Data section:
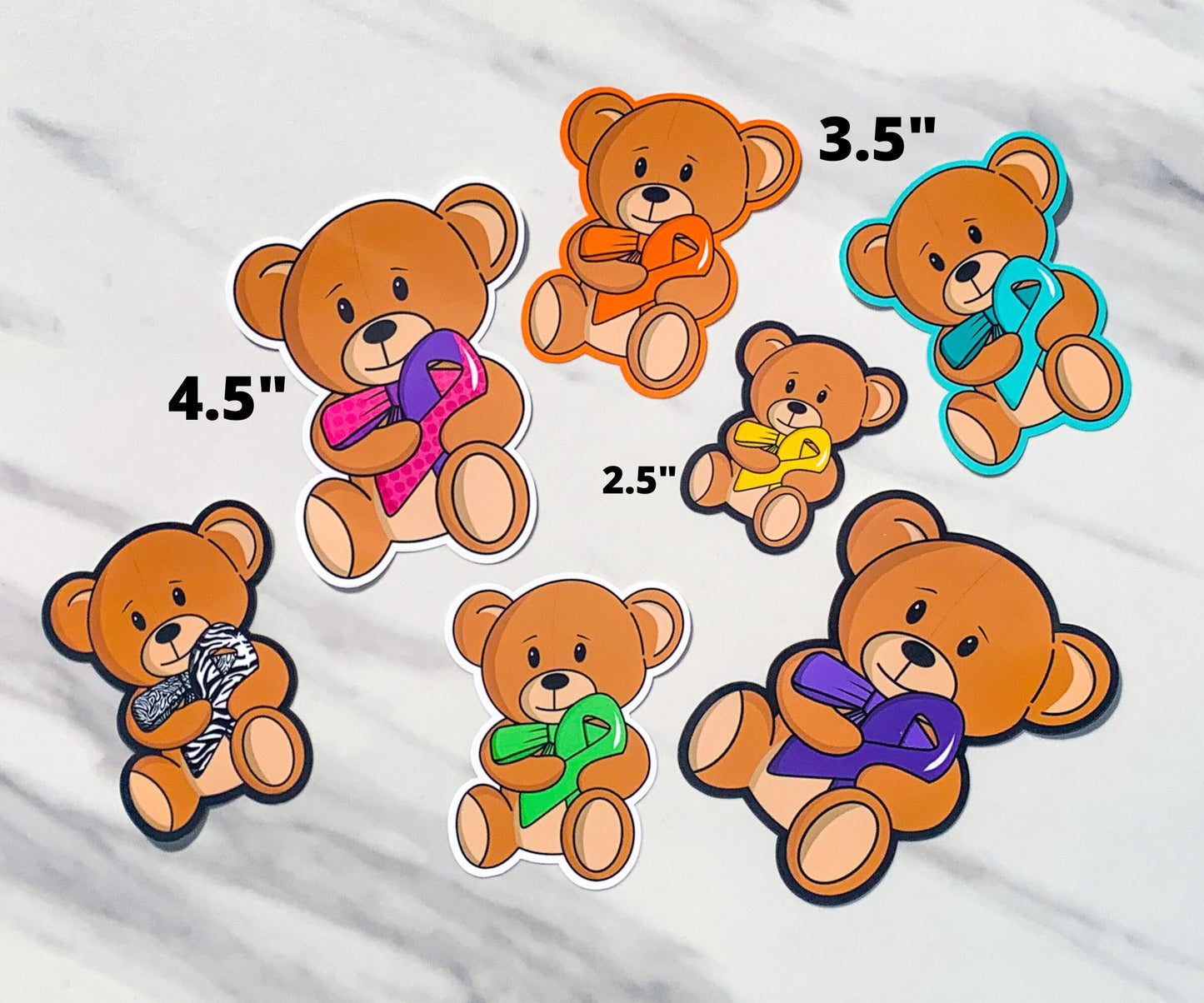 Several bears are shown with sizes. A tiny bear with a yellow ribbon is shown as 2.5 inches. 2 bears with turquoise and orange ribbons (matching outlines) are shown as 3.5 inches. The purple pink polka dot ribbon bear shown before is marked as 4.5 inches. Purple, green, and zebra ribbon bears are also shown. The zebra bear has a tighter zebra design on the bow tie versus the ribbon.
...
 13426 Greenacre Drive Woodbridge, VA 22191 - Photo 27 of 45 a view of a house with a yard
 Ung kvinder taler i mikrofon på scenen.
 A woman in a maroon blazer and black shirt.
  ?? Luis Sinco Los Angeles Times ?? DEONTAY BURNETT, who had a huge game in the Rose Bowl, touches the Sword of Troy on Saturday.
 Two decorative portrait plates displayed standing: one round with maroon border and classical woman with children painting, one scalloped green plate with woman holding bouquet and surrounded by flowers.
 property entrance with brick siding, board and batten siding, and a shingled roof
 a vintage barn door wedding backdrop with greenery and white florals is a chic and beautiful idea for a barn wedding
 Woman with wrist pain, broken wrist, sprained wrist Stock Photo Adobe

Exercise goal:
Look above for the line that contains "Ung kvinder taler i mikrofon på scenen.". Starting there, transcribe every line exactly until you have copied the line that contains "Troy on Saturday.".

Response area:
 Ung kvinder taler i mikrofon på scenen.
 A woman in a maroon blazer and black shirt.
  ?? Luis Sinco Los Angeles Times ?? DEONTAY BURNETT, who had a huge game in the Rose Bowl, touches the Sword of Troy on Saturday.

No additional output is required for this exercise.